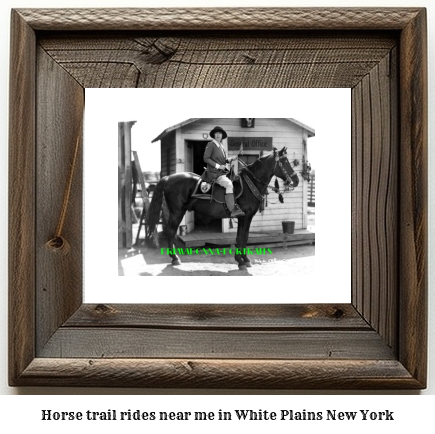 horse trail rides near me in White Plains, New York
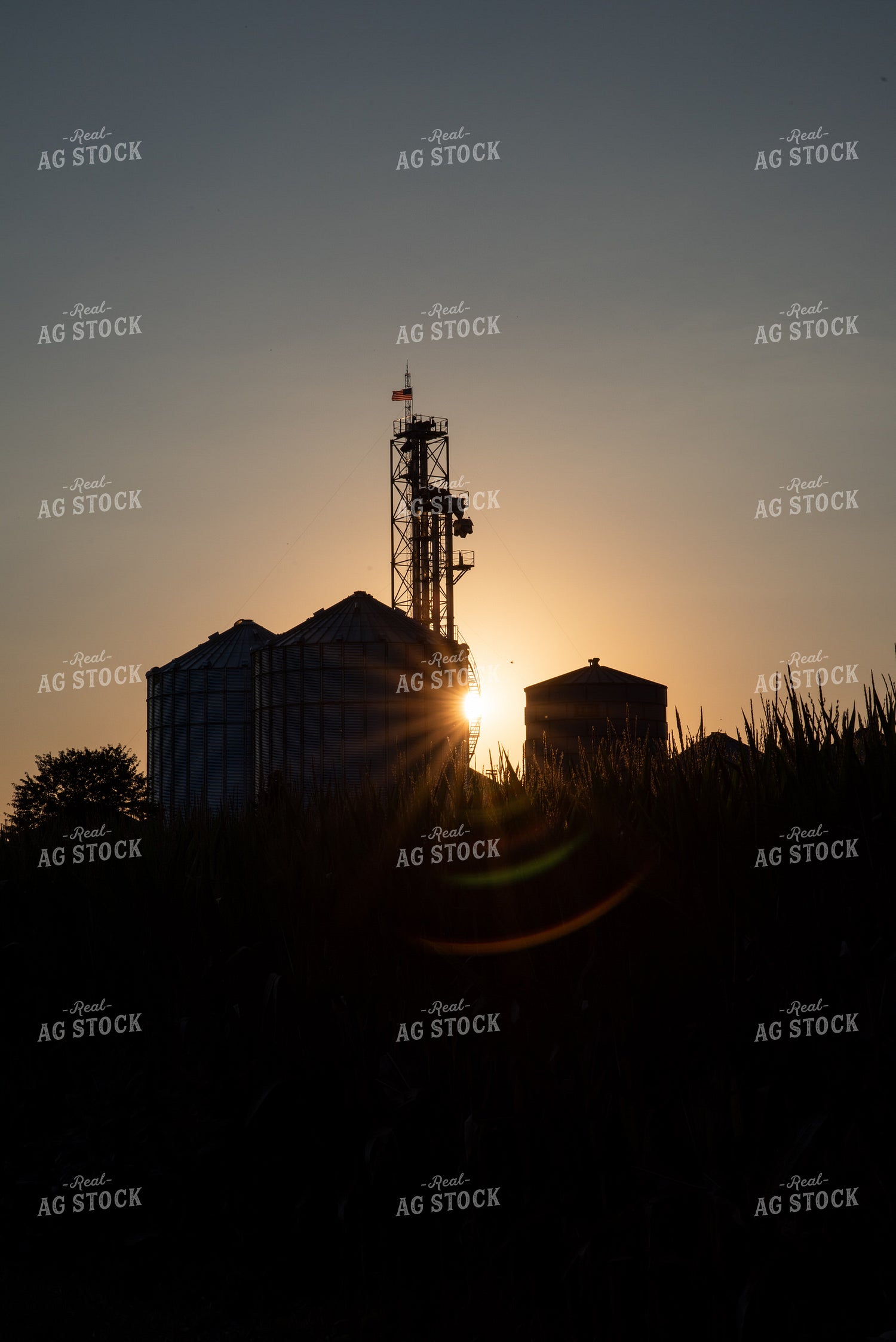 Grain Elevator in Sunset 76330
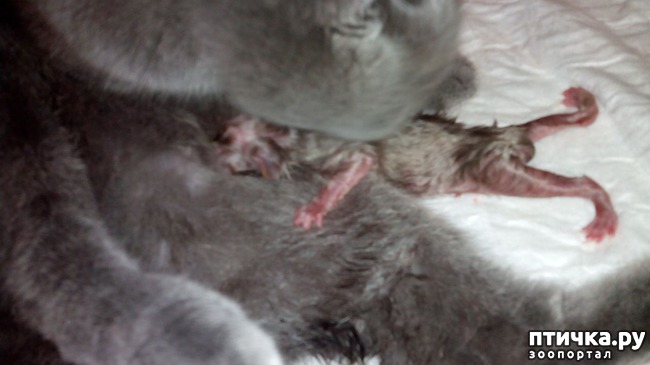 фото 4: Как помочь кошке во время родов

**Exercise directions:** Every word of the data should be reproduced exactly; please omit any pictures.

**Problem solution:**
 horse trail rides near me in White Plains, New York
 Grain Elevator in Sunset 76330
 фото 4: Как помочь кошке во время родов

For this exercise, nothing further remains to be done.